In 2017, a YouTube series I acted in showed up on television in the US and overseas. I oversaw a five-year claim on behalf of dozens of affected members and was shocked to observe my union representatives reverse engineer our agreements to fit the unauthorized exhibition and settle outside of arbitration for an amount well under contract minimums. I cautioned the danger of larger content libraries, like Netflix, syndicating outside their SVOD agreements without authorization or enforcement. There’s nothing “new” about this media anymore, as streaming has become the dominant form of content consumption. Our members have not been the beneficiaries of allowing Employers to reduce rates and benefits while building high profit, high volume content libraries that are now being transferred outside the intended exhibition.

 
 
 

WHY DOES A.I. GET TO “TRAIN” ON OUR DATA?

The transmission, recording and editing of media is not new. And the introduction of predictive learning modules to query creative material from existing data sets is merely another tool. We should be careful to avoid any contractual qualifiers of AI, like “generative” (GAI). It’s all bad news.What sets A.I. apart is a “culture” of early adopters attempting to challenge and/or circumvent copyright and privacy laws. Make no mistake, these modules could not have been built without the unethical and unlicensed use of third party data and there is unauthorized data in every single popular A.I. tool being used today for generative text, images, video and audio. However, historically our members have control over the commercial use of unequivocal identifiers, such as name, likeness, and biometric data. Furthermore, the US Copyright office would consider our labor “creative contributions by a human actor” and no new work-products may be copywrited without “human-authored” contributions. Therefore our labor and consent is even more valuable to employers who wish to use A.I. tools and our contracts should reflect as much. Any use outside our explicit contracts is breach as our agreement “constitutes the complete understanding of the parties. No modification or waiver of any provision shall be valid unless in writing and signed by both parties.”

 
 
 

WHAT IS EXTENDED REALITY (XR)?

There is no question that the next decade will result in the 3D extension of the 2D internet. I run an initiative called OnBoardXR to help creators build their first prototype in the 3D web.

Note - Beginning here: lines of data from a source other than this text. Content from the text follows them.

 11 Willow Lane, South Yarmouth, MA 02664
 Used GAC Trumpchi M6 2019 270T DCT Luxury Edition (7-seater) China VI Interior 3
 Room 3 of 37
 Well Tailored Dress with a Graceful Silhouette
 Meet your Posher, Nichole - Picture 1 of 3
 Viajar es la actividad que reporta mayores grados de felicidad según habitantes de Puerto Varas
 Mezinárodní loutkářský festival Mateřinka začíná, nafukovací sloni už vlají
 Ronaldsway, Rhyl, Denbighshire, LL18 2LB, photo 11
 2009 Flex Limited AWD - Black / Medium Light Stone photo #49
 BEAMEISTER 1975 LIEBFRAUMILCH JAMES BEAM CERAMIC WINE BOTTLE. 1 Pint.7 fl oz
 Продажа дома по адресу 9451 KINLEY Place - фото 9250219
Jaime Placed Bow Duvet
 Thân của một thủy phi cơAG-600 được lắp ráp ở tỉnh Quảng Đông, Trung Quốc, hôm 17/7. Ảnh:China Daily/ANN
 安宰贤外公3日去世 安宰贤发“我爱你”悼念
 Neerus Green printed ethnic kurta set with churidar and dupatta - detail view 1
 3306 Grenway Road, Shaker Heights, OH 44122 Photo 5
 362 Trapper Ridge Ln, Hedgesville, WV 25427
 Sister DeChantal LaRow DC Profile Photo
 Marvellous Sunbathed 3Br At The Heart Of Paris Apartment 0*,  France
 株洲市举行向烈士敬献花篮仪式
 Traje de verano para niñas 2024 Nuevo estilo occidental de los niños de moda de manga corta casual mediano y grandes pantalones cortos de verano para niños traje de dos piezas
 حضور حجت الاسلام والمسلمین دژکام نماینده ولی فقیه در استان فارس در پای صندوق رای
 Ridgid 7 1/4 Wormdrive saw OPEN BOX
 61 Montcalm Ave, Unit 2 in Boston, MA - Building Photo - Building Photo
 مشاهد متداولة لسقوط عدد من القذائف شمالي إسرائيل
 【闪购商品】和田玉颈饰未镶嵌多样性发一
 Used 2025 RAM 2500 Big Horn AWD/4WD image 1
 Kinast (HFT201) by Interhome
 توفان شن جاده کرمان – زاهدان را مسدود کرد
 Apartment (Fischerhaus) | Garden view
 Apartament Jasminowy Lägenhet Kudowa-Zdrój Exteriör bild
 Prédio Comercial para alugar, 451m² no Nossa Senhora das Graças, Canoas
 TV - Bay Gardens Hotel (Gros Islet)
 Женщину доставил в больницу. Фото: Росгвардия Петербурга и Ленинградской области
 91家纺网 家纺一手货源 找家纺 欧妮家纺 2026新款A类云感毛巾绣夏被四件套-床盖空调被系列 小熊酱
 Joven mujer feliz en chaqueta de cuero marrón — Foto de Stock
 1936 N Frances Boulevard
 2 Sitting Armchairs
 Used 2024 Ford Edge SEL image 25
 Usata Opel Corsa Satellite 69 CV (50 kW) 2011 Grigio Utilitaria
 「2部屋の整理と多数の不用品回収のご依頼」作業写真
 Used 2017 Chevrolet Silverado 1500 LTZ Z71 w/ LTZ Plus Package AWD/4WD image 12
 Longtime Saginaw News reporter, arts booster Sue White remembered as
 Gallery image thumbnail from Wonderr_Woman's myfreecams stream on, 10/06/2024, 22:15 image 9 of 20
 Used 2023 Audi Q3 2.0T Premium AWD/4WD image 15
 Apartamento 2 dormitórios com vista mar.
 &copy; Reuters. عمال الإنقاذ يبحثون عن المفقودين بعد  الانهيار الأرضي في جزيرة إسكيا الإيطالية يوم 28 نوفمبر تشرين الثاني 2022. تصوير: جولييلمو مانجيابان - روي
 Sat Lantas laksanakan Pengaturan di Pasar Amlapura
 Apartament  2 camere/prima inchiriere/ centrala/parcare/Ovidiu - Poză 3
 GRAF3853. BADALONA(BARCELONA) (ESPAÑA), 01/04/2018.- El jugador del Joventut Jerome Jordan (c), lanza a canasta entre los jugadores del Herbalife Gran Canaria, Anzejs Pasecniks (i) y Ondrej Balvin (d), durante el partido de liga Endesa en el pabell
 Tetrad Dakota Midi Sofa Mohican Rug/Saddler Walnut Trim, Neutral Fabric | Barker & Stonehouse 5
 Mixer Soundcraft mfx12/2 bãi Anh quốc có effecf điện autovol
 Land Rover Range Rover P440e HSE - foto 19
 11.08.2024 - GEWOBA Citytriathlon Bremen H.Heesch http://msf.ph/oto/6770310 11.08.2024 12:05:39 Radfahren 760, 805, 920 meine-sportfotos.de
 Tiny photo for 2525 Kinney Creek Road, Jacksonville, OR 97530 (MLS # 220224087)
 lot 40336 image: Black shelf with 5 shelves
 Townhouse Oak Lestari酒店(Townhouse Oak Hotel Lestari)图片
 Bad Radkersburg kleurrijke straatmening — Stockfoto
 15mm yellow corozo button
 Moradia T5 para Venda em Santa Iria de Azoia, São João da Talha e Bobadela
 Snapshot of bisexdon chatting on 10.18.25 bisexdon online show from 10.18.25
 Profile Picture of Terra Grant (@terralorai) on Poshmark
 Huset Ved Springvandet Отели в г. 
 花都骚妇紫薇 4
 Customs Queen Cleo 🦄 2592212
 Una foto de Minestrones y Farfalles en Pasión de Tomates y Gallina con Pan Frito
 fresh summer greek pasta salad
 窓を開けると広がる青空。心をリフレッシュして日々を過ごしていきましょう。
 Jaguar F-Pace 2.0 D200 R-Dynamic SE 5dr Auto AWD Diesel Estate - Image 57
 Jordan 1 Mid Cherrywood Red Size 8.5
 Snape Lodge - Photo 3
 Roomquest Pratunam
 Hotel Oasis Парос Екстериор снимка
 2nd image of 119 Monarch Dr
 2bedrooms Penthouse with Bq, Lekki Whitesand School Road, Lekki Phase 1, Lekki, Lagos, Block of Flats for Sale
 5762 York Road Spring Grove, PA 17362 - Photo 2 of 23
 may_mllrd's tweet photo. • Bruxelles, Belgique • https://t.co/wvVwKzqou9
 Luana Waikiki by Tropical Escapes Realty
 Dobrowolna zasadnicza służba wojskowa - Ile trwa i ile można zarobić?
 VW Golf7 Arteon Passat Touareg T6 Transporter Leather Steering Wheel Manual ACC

Reality can “extend” in a variety of modalities and platforms, however to honor Tony Parisi’s 7 Rules of the Metaverse, the “immersive” or “spatial” web provides the only current framework as a singular, global, open-source, hardware-independent, online community. Currently Google, Microsoft, PICO and Firefox offer an immersive mode on their web browsers with Apple’s WebXR integration releasing this year.

Nerdy tech jargon aside, if we look at past trends in socialized media, we quickly see the dangers of entertainment experiences and characters that look and sound like our members being repurposed by creators and consumers without contract or consent. Early MEME culture, GIFs and social media clip-sharing may be “harmless” trends, but we must fight for a future that protects and preserves our members’ ownership of their digital and virtual identity.